Andrea Mantegna: New Perspectives
Annibale Carracci’s Lamentation over the Dead Christ is coming to Brera to engage in dialogue with Andrea Mantegna’s masterpiece and also with another version of the same theme, the Lamentation over the Dead Christ, painted by Orazio Borgianni.
The two works, displayed side by side for the very first time, comprise the second outstanding dialogue devised by the Pinacoteca di Brera, a museum in the process of renewing its approach in an effort to offer its visitors food for thought with a collection that includes some of the most important masterpieces of painting in the world.
Mantegna’s work will be shown not only alongside Carracci’s version but also with another version of the same theme, the Lamentation over the Dead Christ, painted by Orazio Borgianni in 1615 and on loan from the Galleria Spada in Rome.

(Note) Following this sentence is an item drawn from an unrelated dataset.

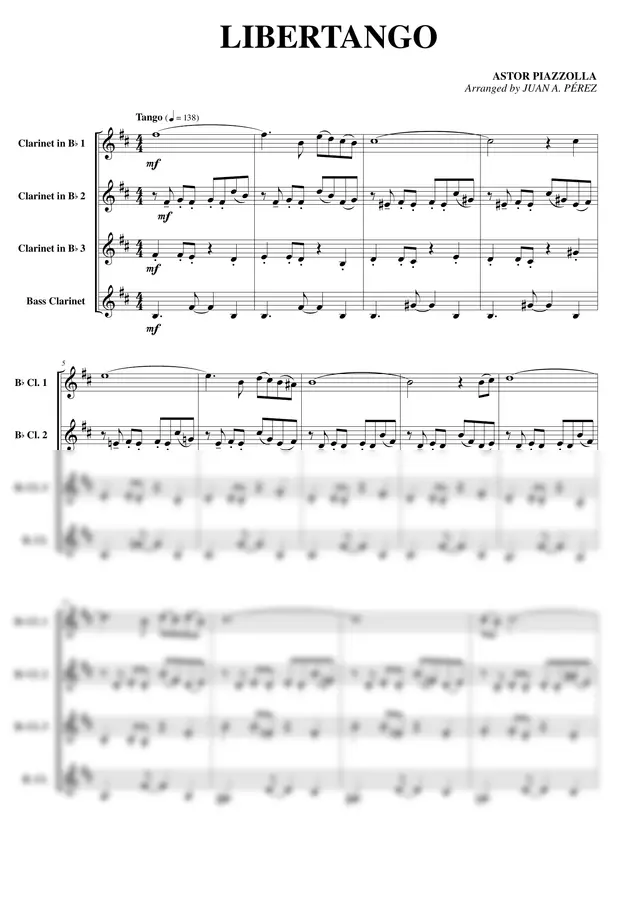 Astor Piazzolla - Libertango (Clarinet Quartet)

Illustrating the painter’s mastery of perspective, and with a strength of expression coupled with stern composure making it one of the best-known symbols of Italian art, Mantegna’s Lamentation over the Dead Christ, which can be dated to around 1480, was remarkably popular as a model in the 16th and 17th centuries. We know this thanks to a prestigious series of works clearly inspired by it, including Carracci’s painting (dated 1583–5) which underscores the crude realism of the scene by highlighting the instruments of Christ’s martyrdom, focusing in particular on the Crown of Thorns in the foreground to point up the brutality of the torture so recently administered. While the third work in the dialogue, by Orazio Borgianni, develops the theme against a background more reminiscent of Caravaggio’s style.